Sent from my SCH-I545 using Tapatalk


----------



## bushb2004 (May 6, 2014)

greenephantom said:


> This model is an odd duck to be sure. Mix of B and D equipment. Very likely that the available color combos would have been the same as the later Hornet model: black, red, green, or blue with cream headtube and trim. Basically a budget bike with an upgraded drivetrain.
> Cheers, Geoff





Thanks for the info


----------



## bushb2004 (Mar 21, 2017)

update


----------



## bobcycles (Mar 21, 2017)

hmmmm  pieced together maybe as you have it there...
by 1949 deluxe chain guards were order of the day on the straightbar bikes...
not the feather.
But you never know for certain with Schwinn


----------



## 1817cent (Apr 19, 2017)

I own a black/ivory "cycleplane" (like shown in the comic book.)  The bike has been owned by me for over 20 years and I bought it from a Schwinn shop in Eastern Washington who said they took it in on a trade in the 70's.  My bike has the Phantom rear rack with tail light, locking front springer, S-2's w/o the railroad tracks, original Phantom seat, Phantom chain guard, front drum brake and a chrome delta torpedo headlight.  The serial number on the frame says November of 1949.  I have never found it in a Schwinn catalogue and the closest example I have found was the comic book in Geoff's Schwinn book.  It seems to be a combination of parts.  It is a good riding machine though and I actually finished the STP in 2005 (Seattle to Portland) on the bike.


----------



## Freqman1 (Apr 19, 2017)

1817cent said:


> I own a black/ivory "cycleplane" (like shown in the comic book.)  The bike has been owned by me for over 20 years and I bought it from a Schwinn shop in Eastern Washington who said they took it in on a trade in the 70's.  My bike has the Phantom rear rack with tail light, locking front springer, S-2's w/o the railroad tracks, original Phantom seat, Phantom chain guard, front drum brake and a chrome delta torpedo headlight.  The serial number on the frame says November of 1949.  I have never found it in a Schwinn catalogue and the closest example I have found was the comic book in Geoff's Schwinn book.  It seems to be a combination of parts.  It is a good riding machine though and I actually finished the STP in 2005 (Seattle to Portland) on the bike.

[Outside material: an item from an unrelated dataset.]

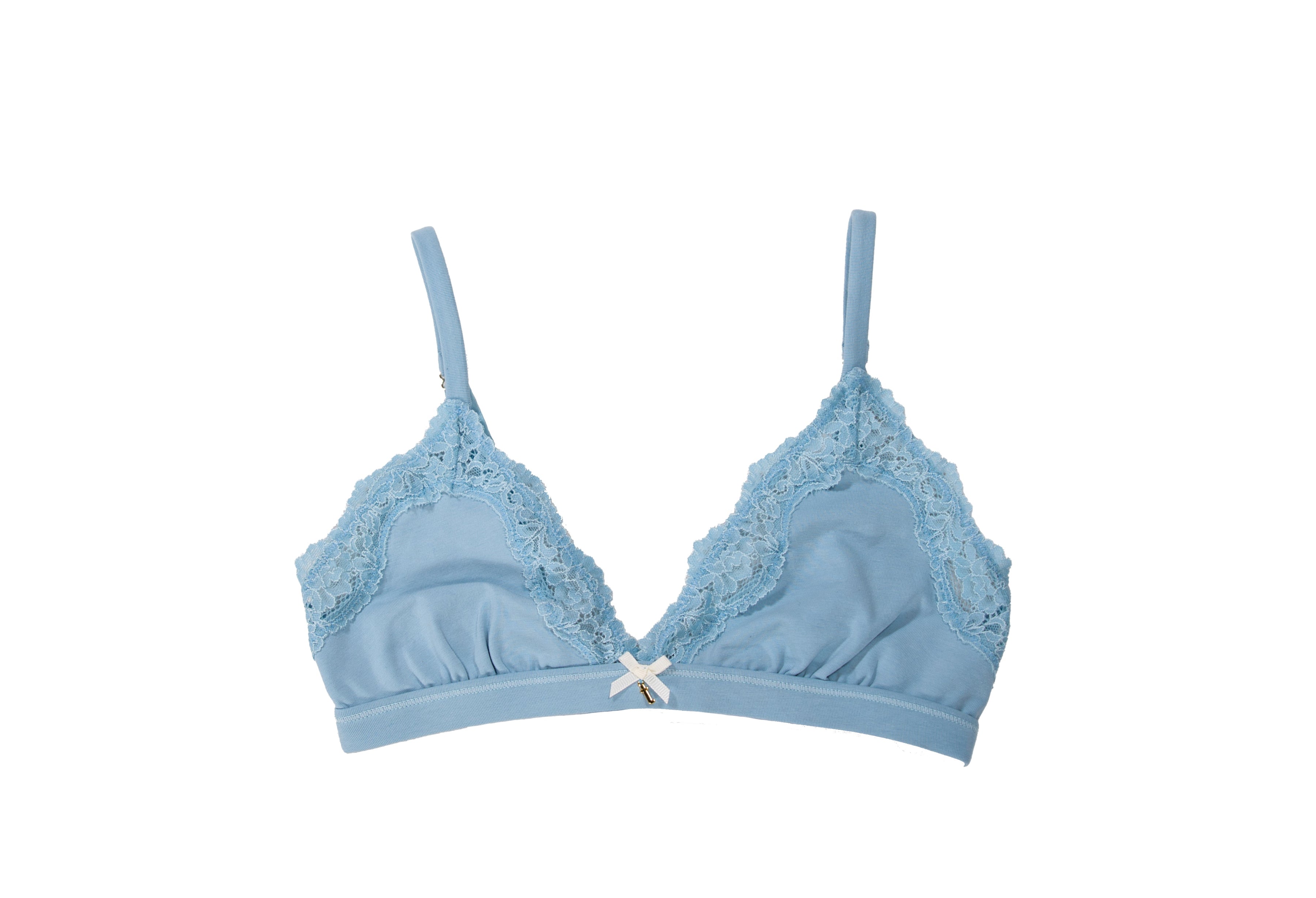 Cotton Triangle Lace Bra in Winter Sky By Teysha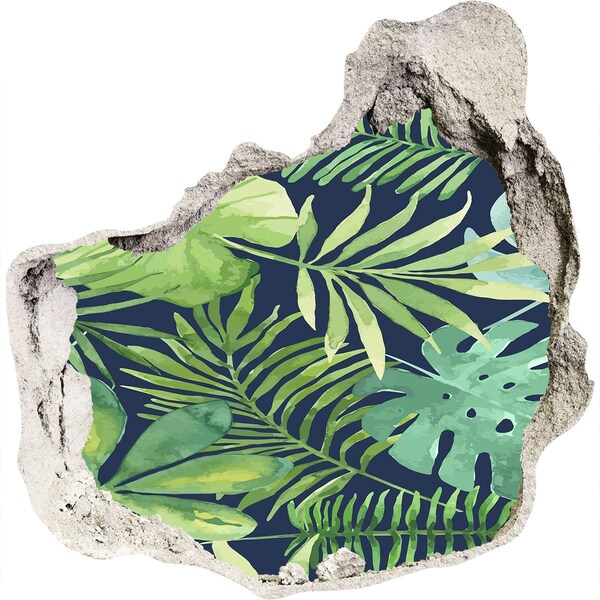 Sticker mural effet trou jungle tropicale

Love to see a pic of the bike. V/r Shawn


----------



## REC (Apr 28, 2017)

1817cent said:


> I own a black/ivory "cycleplane" (like shown in the comic book.)  The bike has been owned by me for over 20 years and I bought it from a Schwinn shop in Eastern Washington who said they took it in on a trade in the 70's.  My bike has the Phantom rear rack with tail light, locking front springer, S-2's w/o the railroad tracks, original Phantom seat, Phantom chain guard, front drum brake and a chrome delta torpedo headlight.  The serial number on the frame says November of 1949.  I have never found it in a Schwinn catalogue and the closest example I have found was the comic book in Geoff's Schwinn book.  It seems to be a combination of parts.  It is a good riding machine though and I actually finished the STP in 2005 (Seattle to Portland) on the bike.




Pictures are worth a couple of hundred word! Post one please!!

REC


----------